A tax-exempt investor should not incur UBTI upon the sale of Units in the Feeder, unless such tax-exempt investor’s acquisition of the Units was debt-financed, or the Feeder incurred debt that was allocated to the acquisition of a portfolio investment. Based on our organizational structure, the General Partner currently believes that the Feeder does not expect to allocate “acquisition indebtedness” to any tax exempt investor participating in the Feeder. If a tax-exempt unitholder has actual or deemed acquisition indebtedness with respect to a Unit, then a percentage of the gain (equal to the highest amount of indebtedness outstanding for the 12-month period prior to the sale with respect to the property over the average adjusted basis for such year for the property) on the disposition of such Unit will generally be treated as UBTI, regardless of whether such gain would otherwise be excluded from UBTI.

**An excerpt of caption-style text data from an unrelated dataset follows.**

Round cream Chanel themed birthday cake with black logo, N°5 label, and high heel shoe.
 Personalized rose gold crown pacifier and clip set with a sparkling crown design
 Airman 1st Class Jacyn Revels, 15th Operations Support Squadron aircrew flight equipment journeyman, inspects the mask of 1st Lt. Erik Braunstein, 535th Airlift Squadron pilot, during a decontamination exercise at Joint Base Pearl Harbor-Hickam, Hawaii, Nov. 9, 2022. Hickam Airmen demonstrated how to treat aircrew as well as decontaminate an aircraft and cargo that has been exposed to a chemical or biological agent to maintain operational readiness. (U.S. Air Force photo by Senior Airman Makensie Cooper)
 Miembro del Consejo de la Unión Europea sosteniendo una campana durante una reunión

Feeder Unitholders are urged to consult their tax advisers to determine the particular tax consequences to them of participating in the Offer, including the applicability and effect of state, local, non-U.S. and other tax laws and the possible effects of changes in U.S. federal or other tax laws.
11. Miscellaneous. The Offer is not being made to, nor will tenders be accepted from, Unitholders in any jurisdiction in which the Offer or its acceptance would not comply with the securities or Blue Sky laws of such jurisdiction. The Fund is not aware of any jurisdiction in which the Offer or tenders pursuant thereto would not be in compliance with the laws of such jurisdiction. However, the Fund reserves the right to exclude Unitholders from the Offer in any jurisdiction in which it is asserted that the Offer cannot lawfully be made. The Fund believes such exclusion is permissible under applicable laws and regulations, provided the Fund makes a good faith effort to comply with any state law deemed applicable to the Offer.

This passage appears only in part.